### ASSIGNMENT
When you reach the line containing "7264 Southwest Manor", begin reproducing the material exactly, stop after the line containing "A decorated ceiling", and leave out any pictures along the way.

### RECORDS
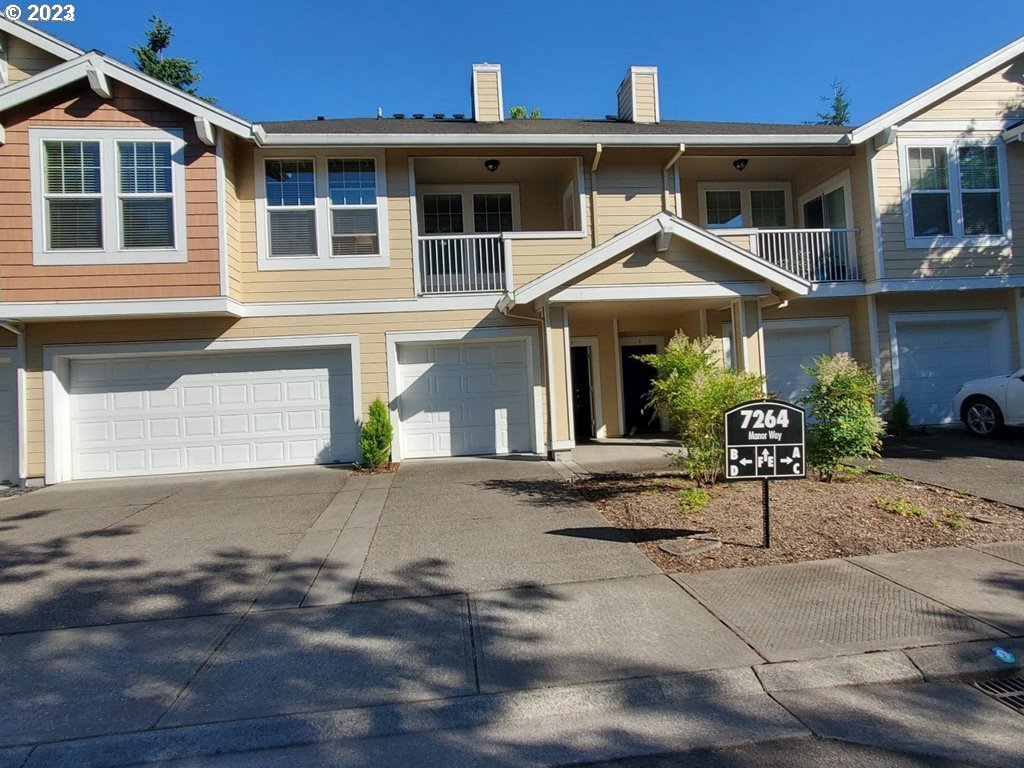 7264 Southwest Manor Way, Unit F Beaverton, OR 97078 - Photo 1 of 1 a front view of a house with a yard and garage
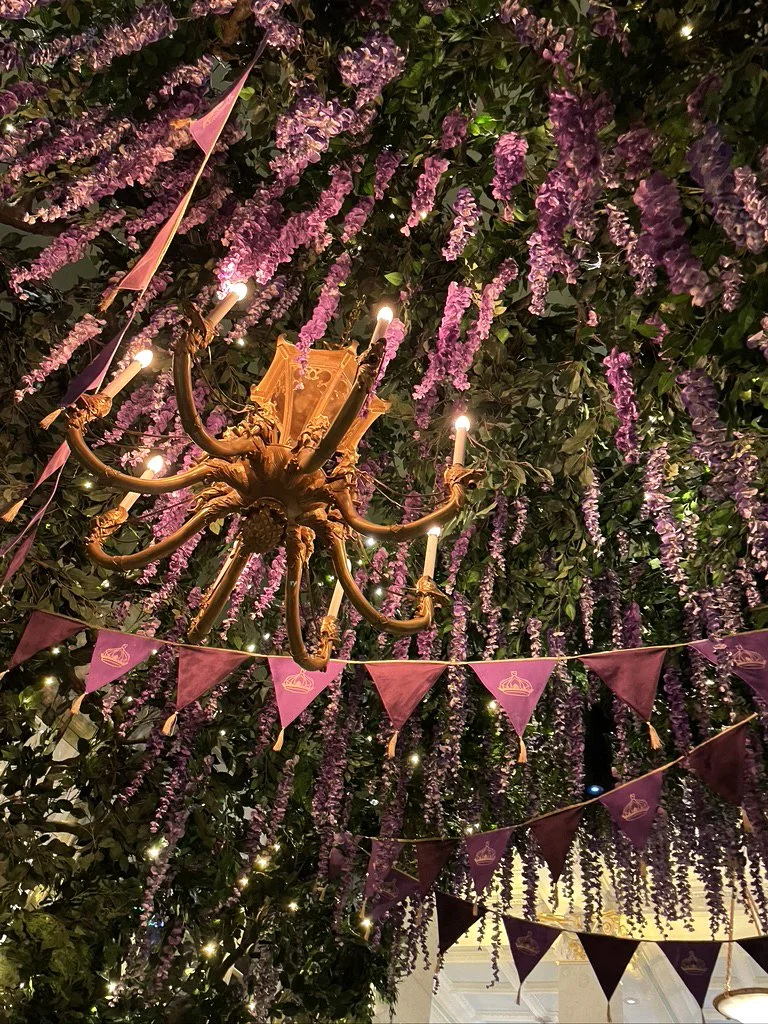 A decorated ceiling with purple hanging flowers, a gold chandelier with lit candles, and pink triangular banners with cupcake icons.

---

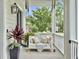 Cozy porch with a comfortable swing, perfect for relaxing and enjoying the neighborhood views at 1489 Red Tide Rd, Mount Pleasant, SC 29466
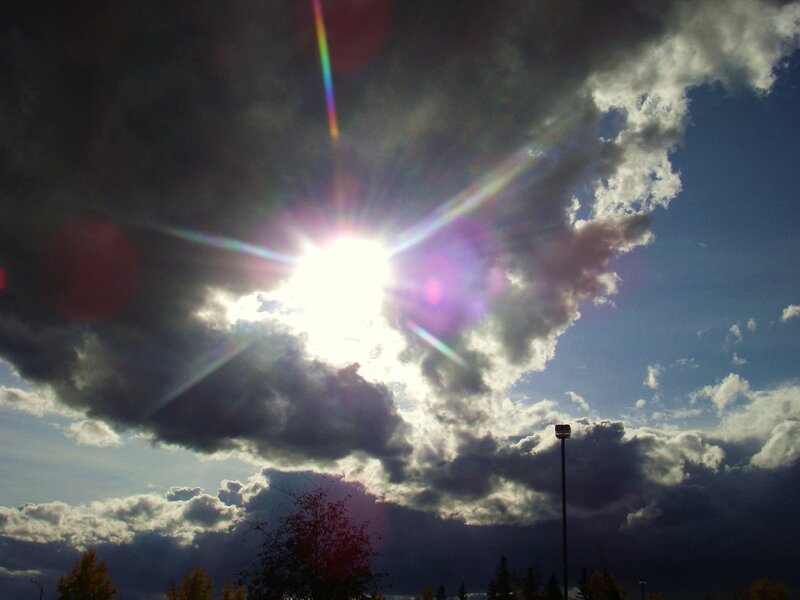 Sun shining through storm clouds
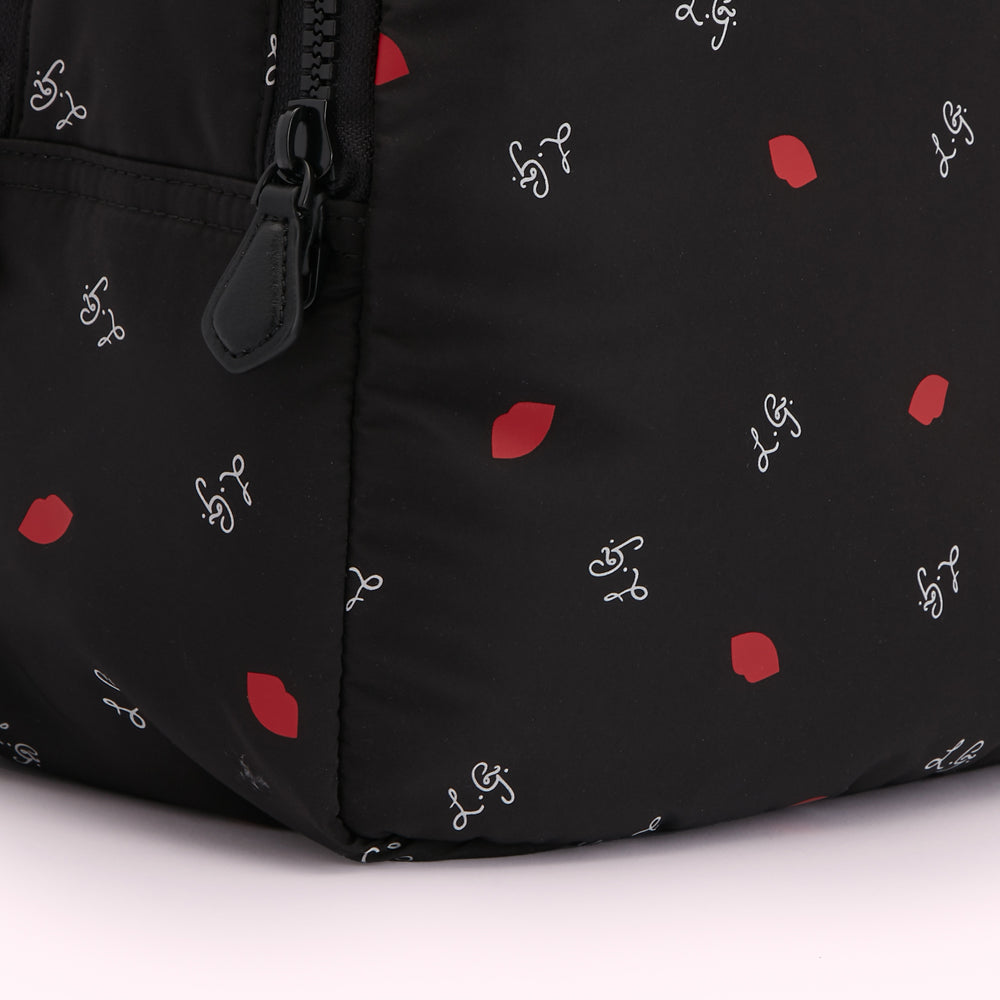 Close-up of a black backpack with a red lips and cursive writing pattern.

### YOUR RESPONSE
 7264 Southwest Manor Way, Unit F Beaverton, OR 97078 - Photo 1 of 1 a front view of a house with a yard and garage
 A decorated ceiling with purple hanging flowers, a gold chandelier with lit candles, and pink triangular banners with cupcake icons.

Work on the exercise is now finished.